Résumé rapide

Le ministère de la Justice, au nom du gouvernement, a déclaré dans un dossier judiciaire que la décision d'étiqueter Anthropic comme « risque pour la chaîne d'approvisionnement » ne viole pas le Premier Amendement. Le gouvernement affirme que cette mesure vise à protéger les systèmes militaires et que la plainte d'Anthropic est vouée à l'échec.

Contexte du litige

Anthropic conteste au tribunal la décision du Pentagone de lui appliquer une étiquette qui peut interdire l'accès aux contrats de défense en raison de risques potentiels pour la sécurité. La société affirme que l'administration a dépassé ses pouvoirs et que, si l'étiquette est maintenue, elle pourrait perdre des milliards de dollars de revenus prévus cette année.

Ce que demande Anthropic

L'entreprise veut reprendre ses activités normales en attendant la résolution du procès. La juge Rita Lin, qui supervise l'affaire à San Francisco, doit tenir une audience mardi prochain pour statuer sur cette demande de suspension provisoire.

Arguments du gouvernement

  • Pas de violation du Premier Amendement selon le ministère de la Justice. Le gouvernement affirme que le Premier Amendement ne donne pas le droit d'imposer unilatéralement des conditions contractuelles au gouvernement.
  • Risque futur : les avocats expliquent que la décision vise à prévenir des dangers potentiels si Anthropic conserve l'accès aux systèmes techniques et opérationnels du département de la Défense.
  • Préoccupations opérationnelles : le dossier indique que des responsables pensent raisonnable de craindre que des membres d'Anthropic puissent saboter, insérer des fonctions indésirables ou autrement compromettre l'intégrité des systèmes de sécurité nationale.
  • Perte d'activité pas forcément irréparable : les avocats du gouvernement appellent la juge à refuser la suspension provisoire au motif que la simple perte de contrats n'est pas, selon eux, une blessure irréparable sur le plan juridique.
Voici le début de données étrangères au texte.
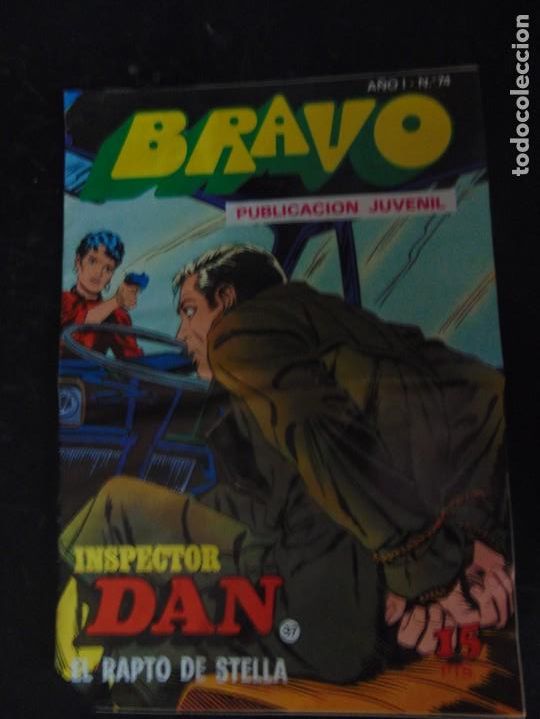 Tebeos: BRAVO . INSPECTOR DAN N&ordm; 74 / 37 - Foto 2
Les points soulevés par Anthropic

Anthropic a dit qu'elle ne veut pas que ses modèles Claude servent à une surveillance généralisée des citoyens et juge que ses systèmes ne sont pas actuellement assez fiables pour alimenter des armes entièrement autonomes. L'entreprise conteste la manière dont l'étiquette a été appliquée et soutient que cela porte atteinte à ses droits et à ses activités commerciales.
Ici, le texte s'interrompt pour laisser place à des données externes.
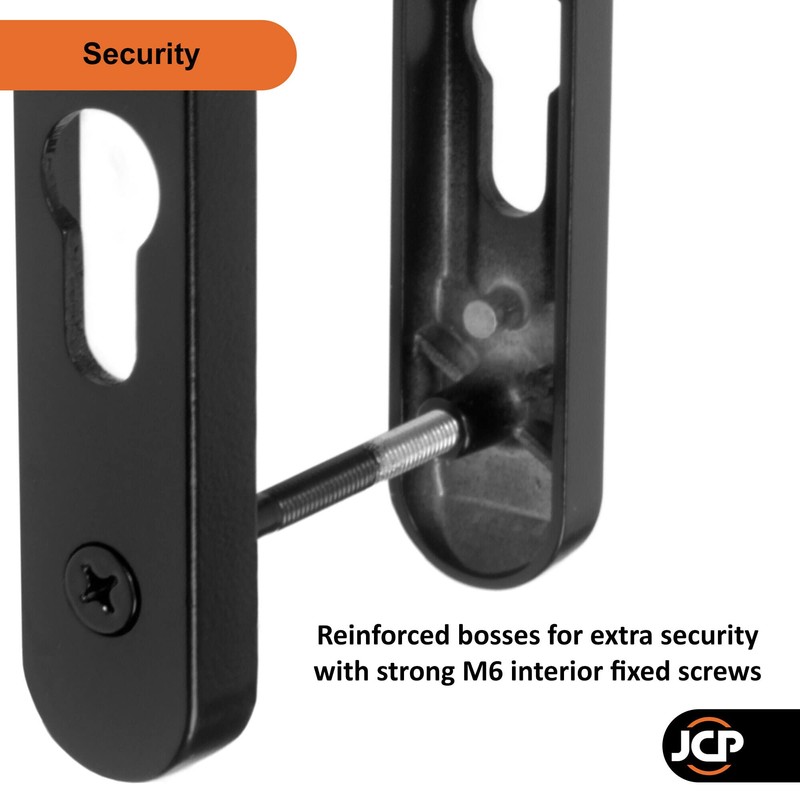 JCP UPVC Door Handle Pair, 122mm Screw Centres, 92 PZ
Ce que disent les experts et la suite

Plusieurs experts juridiques estiment qu'Anthropic a un argument solide selon lequel la mesure pourrait constituer des représailles illégales. Mais les tribunaux ont tendance à accorder une large déférence aux arguments basés sur la sécurité nationale, et des responsables militaires ont décrit Anthropic comme un contractant ayant agi de manière indépendante et dont les technologies ne seraient plus dignes de confiance.
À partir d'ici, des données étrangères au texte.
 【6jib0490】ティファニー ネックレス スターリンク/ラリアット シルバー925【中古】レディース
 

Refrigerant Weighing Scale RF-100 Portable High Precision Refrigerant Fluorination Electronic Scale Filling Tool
Remplacement et impact opérationnel

Le département de la Défense et d'autres agences travaillent à remplacer les outils d'Anthropic par des solutions d'autres entreprises dans les mois à venir. Les responsables indiquent que, bien que le modèle d'Anthropic soit actuellement le seul autorisé sur certains systèmes classifiés et pour des opérations à haute intensité, le Pentagone déploie des alternatives provenant d'autres fournisseurs.

Soutiens et calendrier

  • Plusieurs groupes et entreprises, dont des chercheurs en IA, Microsoft, un syndicat de fonctionnaires fédéraux et d'anciens responsables militaires, ont déposé des mémoires en soutien à Anthropic.
  • Aucune intervention publique connue n'a soutenu le gouvernement dans ces dépôts.
  • Anthropic a jusqu'à vendredi pour déposer une réponse au dossier présenté par le gouvernement.

En résumé : l'affaire oppose des inquiétudes réelles sur la sécurité des systèmes militaires à des enjeux commerciaux et juridiques majeurs. La décision de la juge Rita Lin, lors de l'audience à venir, sera un moment clé pour savoir si Anthropic récupère l'accès aux contrats du Pentagone pendant que le procès continue.